Siblings and half-siblings of Clara Schumann

From the marriage of Clara Schumann’s parents, divorced in 1825:



Wieck, Adelheid (1817–18), sister
Wieck, Friedrich Alwin Feodor (1821–1885), brother

Since Clara took centre stage at home, her brothers Alwin and Gustav were not promoted to the same extent but were sent out of the house as soon as possible, to stand on their own feet. Clara taught Alwin the piano when she was twelve years old.
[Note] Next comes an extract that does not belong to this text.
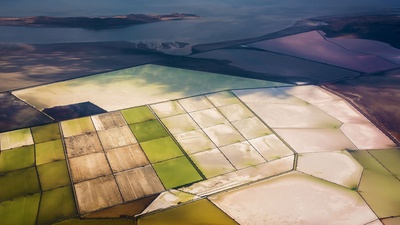 (20171019)的图片-大盐湖的太阳能蒸发池，美国犹他州 (© Robert L. Potts/Offset)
He became a violinist, studying with Ferdinand David in Leipzig, and then moved to Reval [now Tallinn] in 1843. Between 1849 and 1859, he was a member of the Italian Opera Orchestra in St Petersburg and then lived in Dresden, working as a music teacher. He tried to disseminate the methods of his father but this later led to a break with his half-sister Marie who held that she was the only one to be able to pass on the teaching methods of Friedrich Wieck authentically. Both of them wrote piano manuals according to Wieck’s method. Still, the two siblings reconciled shortly before Alwin’s death, to Clara’s great relief.
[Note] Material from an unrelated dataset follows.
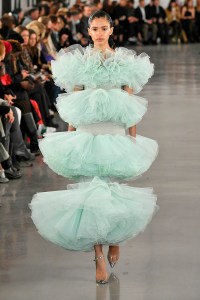Giambattista Valli RTW Fall 2022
Clara herself promoted Alwin, inter alia, at the piano manufacturing company Grotrian-Steinweg in Braunschweig so that he would receive a price reduction when he bought a new grand piano; she sometimes also spent the summer holidays with him, including the last summer before his death. Concerning Alwin’s death, Clara Schumann wrote to her friend Rosalie Leser: “[If I had only seen him one more time! He was so pleased with the last letter I wrote to him. Even though we rarely saw each other, he was always very attached to me. [...] What saddens me deeply is the fact that Alwin had grieved so terribly in the last months, because he was not mentioned even with a single word in the newspapers on the occasion of my father’s 100th birthday, after he had been so committed to disseminating the method of our father with tireless diligence and had achieved the best results with it.]”
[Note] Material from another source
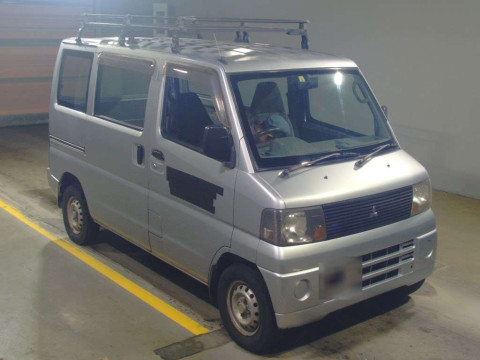 2005 Mitsubishi Minicab Van U62V[1]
Wieck, Gustav Robert Anton (1823–1884), brother

Friedrich Wieck also cared relatively little about Gustav, since his primary focus was on training his daughter Clara so that she would become a virtuoso. Gustav became an instrument maker and went to Vienna in 1838, where Schumann frequently spent time with him during his prolonged stay.

In 1845, Gustav was staying in Weimar, but later lived again in Vienna permanently, where he also died.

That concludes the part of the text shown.